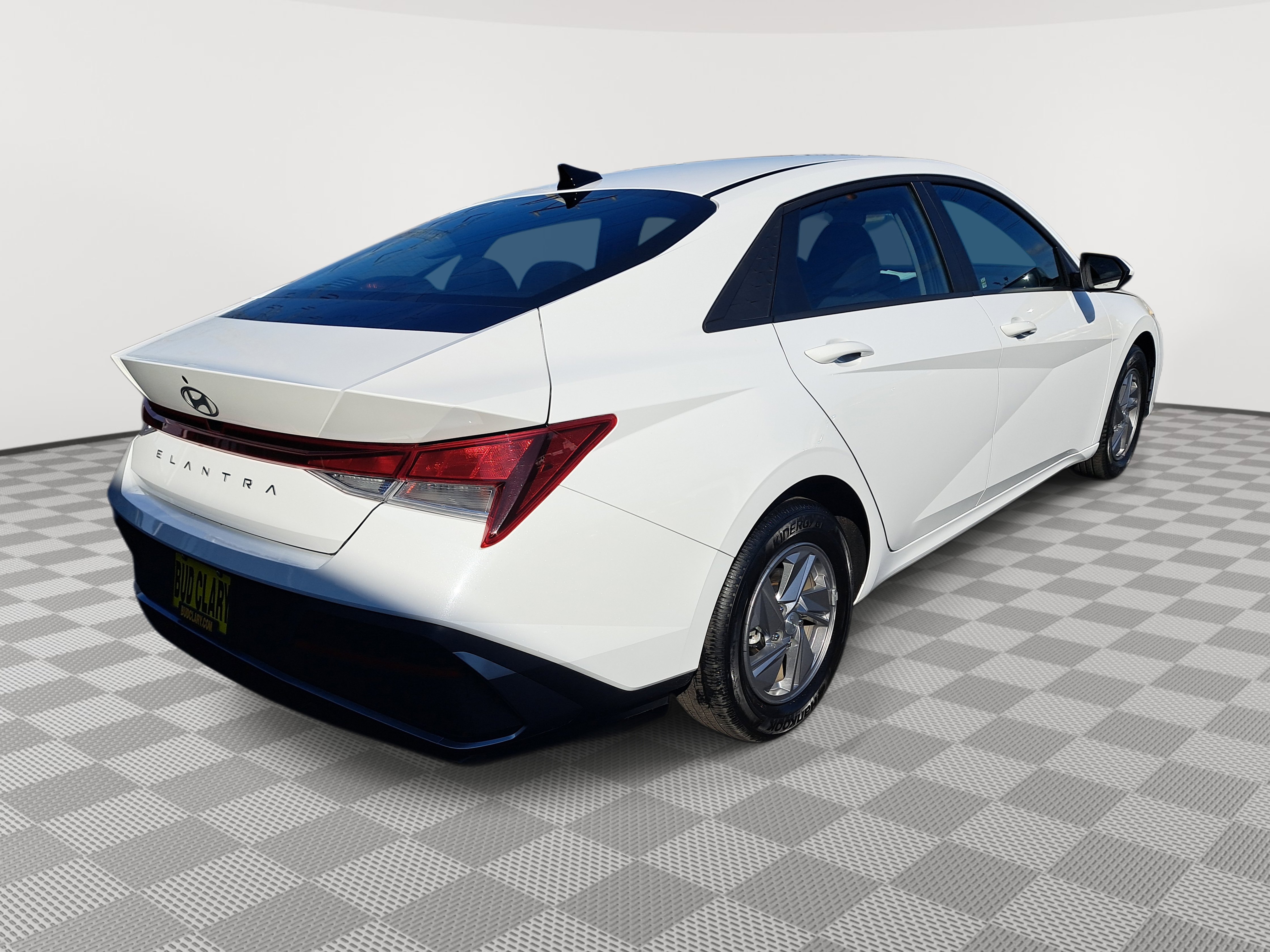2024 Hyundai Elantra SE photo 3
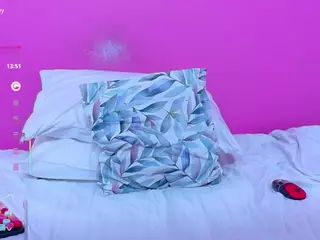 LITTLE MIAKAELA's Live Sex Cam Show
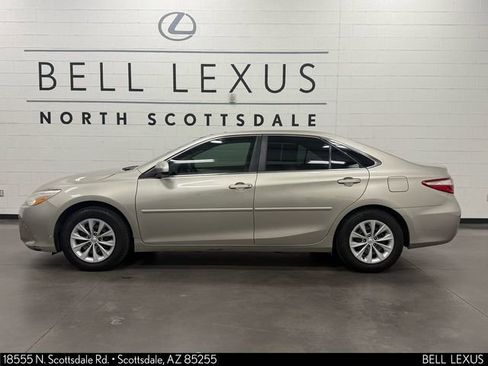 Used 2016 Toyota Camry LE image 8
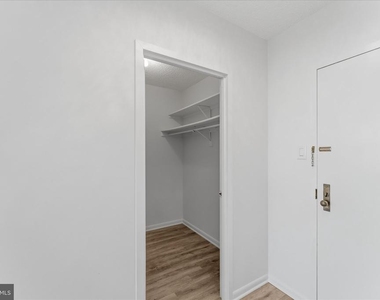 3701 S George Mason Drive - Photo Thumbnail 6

TO DO:
Copy the data exactly. Pictures do not belong in the copy.

RESULT BELOW:
2024 Hyundai Elantra SE photo 3
 LITTLE MIAKAELA's Live Sex Cam Show
 Used 2016 Toyota Camry LE image 8
 3701 S George Mason Drive - Photo Thumbnail 6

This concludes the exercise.